Connection to Your Learning

If you're reading this case study, you just finished Section 2.2 — which means you've already done what 22 of Dr. Chakraborty's students did successfully. You installed Anaconda, verified it, and launched Jupyter.

But this case study matters for a reason beyond your own setup. As your data science skills grow, you'll eventually find yourself in Dr. Chakraborty's position: setting up an environment for a team, a class, or a research group. You'll need to make the same decisions she made — Anaconda vs. Miniconda, classic vs. Lab, local vs. cloud — and the right answer will depend on your specific context.

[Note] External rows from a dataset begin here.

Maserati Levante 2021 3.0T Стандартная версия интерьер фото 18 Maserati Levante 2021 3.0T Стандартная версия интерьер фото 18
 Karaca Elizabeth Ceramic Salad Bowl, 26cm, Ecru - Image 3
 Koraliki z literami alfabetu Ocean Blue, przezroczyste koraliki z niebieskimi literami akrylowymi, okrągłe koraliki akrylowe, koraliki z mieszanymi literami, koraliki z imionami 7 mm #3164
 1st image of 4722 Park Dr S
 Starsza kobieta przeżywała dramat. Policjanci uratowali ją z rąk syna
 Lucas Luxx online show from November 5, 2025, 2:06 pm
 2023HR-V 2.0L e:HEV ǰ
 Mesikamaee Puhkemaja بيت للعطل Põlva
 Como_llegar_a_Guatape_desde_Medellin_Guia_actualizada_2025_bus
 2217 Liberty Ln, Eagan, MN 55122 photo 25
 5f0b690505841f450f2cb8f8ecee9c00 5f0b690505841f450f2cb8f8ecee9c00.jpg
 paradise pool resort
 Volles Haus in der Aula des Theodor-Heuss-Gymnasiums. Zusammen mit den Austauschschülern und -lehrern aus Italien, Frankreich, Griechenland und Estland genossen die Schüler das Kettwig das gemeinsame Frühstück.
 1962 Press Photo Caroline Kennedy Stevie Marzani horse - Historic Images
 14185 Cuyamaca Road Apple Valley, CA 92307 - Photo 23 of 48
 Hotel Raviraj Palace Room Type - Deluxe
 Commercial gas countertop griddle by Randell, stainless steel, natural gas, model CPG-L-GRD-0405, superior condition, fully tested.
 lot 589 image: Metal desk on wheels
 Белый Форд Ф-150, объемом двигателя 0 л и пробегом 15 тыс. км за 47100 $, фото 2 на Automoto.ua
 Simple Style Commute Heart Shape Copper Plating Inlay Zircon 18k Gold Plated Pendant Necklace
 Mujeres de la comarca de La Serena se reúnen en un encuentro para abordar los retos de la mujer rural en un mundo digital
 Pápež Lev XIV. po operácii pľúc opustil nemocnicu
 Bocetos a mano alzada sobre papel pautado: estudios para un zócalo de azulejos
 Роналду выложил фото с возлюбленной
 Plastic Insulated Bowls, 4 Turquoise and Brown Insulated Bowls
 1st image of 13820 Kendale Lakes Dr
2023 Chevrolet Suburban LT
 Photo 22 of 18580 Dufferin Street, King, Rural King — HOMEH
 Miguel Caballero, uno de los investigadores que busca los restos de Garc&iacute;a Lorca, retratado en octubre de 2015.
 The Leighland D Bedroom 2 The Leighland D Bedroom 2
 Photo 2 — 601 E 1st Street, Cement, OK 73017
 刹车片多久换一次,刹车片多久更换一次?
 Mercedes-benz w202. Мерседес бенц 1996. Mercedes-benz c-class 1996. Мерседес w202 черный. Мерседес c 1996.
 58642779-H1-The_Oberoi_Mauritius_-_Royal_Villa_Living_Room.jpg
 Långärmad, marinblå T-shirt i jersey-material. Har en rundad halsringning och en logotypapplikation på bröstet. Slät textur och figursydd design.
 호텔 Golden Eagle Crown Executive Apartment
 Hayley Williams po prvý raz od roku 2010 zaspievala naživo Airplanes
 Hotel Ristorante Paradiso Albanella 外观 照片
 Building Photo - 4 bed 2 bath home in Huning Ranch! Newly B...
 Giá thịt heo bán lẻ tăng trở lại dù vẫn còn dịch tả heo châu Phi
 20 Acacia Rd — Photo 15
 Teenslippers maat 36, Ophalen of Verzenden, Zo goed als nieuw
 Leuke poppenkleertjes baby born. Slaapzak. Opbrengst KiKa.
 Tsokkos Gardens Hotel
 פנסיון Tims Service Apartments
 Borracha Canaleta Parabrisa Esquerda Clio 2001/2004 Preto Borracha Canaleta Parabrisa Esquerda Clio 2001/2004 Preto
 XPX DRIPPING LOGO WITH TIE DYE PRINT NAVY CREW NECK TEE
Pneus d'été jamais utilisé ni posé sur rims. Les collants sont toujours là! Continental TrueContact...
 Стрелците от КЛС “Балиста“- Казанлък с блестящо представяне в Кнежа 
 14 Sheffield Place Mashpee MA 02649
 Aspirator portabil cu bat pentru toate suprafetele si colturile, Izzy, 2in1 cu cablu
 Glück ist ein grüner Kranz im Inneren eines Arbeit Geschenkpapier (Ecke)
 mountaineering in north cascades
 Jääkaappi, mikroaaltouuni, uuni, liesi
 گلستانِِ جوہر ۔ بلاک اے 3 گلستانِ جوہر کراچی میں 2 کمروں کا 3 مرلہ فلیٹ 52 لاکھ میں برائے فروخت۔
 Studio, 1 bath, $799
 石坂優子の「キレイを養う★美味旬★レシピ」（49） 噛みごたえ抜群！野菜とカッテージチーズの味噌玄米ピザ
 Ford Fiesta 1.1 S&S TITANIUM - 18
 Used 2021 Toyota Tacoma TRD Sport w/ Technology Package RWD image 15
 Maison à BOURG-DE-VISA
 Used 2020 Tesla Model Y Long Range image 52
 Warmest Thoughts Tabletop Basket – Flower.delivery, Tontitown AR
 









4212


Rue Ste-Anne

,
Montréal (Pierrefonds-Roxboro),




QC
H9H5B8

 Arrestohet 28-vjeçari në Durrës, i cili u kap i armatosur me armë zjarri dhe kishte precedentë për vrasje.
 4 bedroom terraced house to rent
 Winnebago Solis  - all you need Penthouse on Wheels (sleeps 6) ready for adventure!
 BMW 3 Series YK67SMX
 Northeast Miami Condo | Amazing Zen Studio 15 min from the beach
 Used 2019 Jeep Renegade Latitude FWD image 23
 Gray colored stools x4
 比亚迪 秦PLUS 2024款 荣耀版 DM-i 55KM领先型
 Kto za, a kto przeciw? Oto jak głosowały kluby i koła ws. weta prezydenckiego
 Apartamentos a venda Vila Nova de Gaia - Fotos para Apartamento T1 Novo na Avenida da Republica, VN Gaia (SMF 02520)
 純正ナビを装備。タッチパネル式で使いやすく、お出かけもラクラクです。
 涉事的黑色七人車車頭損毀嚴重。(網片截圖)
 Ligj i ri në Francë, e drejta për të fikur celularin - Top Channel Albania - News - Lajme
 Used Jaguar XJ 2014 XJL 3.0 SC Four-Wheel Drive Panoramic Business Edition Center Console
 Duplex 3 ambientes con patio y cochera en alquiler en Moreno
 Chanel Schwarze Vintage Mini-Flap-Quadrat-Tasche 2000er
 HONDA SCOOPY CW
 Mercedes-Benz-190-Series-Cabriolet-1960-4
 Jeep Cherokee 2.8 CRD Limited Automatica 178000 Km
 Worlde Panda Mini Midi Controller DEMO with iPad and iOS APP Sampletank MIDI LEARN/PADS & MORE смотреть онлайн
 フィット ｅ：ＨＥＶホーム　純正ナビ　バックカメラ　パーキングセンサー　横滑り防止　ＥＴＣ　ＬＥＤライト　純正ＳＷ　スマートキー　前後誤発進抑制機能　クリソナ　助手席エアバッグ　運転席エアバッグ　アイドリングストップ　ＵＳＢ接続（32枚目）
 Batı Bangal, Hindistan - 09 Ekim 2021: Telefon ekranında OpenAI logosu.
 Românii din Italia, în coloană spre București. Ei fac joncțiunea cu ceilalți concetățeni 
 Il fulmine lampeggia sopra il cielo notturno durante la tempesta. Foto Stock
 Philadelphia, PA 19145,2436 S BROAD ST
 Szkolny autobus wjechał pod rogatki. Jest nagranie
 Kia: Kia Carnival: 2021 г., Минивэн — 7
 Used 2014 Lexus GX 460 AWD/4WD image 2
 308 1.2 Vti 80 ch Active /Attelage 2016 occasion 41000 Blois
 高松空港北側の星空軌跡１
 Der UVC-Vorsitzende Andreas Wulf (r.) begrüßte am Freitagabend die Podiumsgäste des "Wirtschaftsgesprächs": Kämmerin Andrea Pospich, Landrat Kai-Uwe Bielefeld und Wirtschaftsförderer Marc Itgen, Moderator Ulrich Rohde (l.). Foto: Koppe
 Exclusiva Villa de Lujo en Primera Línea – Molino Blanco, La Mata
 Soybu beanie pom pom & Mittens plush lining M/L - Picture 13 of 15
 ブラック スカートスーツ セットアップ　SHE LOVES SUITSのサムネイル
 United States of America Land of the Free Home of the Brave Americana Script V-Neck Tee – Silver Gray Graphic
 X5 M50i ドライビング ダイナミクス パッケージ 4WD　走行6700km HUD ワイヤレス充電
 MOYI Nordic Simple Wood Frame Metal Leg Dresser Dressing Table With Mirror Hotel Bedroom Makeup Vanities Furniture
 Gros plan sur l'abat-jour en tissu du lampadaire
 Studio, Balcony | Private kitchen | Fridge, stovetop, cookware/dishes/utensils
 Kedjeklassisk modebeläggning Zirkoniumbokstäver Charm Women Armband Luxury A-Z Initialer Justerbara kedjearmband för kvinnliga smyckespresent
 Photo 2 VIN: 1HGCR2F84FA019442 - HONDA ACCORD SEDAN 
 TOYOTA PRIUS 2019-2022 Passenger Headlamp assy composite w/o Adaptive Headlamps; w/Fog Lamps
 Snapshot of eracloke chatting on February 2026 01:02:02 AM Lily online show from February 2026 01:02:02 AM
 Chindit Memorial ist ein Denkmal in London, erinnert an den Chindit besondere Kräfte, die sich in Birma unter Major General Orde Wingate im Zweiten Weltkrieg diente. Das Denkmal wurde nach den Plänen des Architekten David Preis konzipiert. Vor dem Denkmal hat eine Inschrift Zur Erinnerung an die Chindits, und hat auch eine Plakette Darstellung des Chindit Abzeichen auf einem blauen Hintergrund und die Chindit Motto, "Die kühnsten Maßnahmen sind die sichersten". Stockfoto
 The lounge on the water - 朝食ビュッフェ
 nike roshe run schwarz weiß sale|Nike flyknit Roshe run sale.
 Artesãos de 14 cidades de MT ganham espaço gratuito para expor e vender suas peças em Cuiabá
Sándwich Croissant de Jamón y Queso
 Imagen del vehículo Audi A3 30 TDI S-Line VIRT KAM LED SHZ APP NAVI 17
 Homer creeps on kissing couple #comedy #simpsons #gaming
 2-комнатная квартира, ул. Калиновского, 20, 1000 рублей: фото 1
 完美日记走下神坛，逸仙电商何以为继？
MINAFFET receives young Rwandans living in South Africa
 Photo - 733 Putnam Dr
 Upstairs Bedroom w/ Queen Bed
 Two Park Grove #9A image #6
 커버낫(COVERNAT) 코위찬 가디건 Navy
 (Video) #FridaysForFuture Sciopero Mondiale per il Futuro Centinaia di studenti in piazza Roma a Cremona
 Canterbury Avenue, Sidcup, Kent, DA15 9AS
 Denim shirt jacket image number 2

Data science isn't just about analyzing data. It's about creating the conditions under which analysis can happen. The best algorithm in the world is useless if your team can't install the software to run it.

Discussion Questions

If you were setting up a data science environment for a team of 10 colleagues at a company (not a university), would you make the same choices Dr. Chakraborty made? What might be different in a corporate setting?
What are the trade-offs between teaching students to set up their own environments (educational but time-consuming) versus providing a pre-configured cloud environment (fast but less educational)?
Dr. Chakraborty chose classic Jupyter Notebook over JupyterLab for simplicity. Can you think of a scenario where JupyterLab would be the better choice, even for beginners?
The five common student problems listed above are all interface problems, not programming problems. Why do you think interface issues are so common for beginners, and what could tool designers do to reduce them?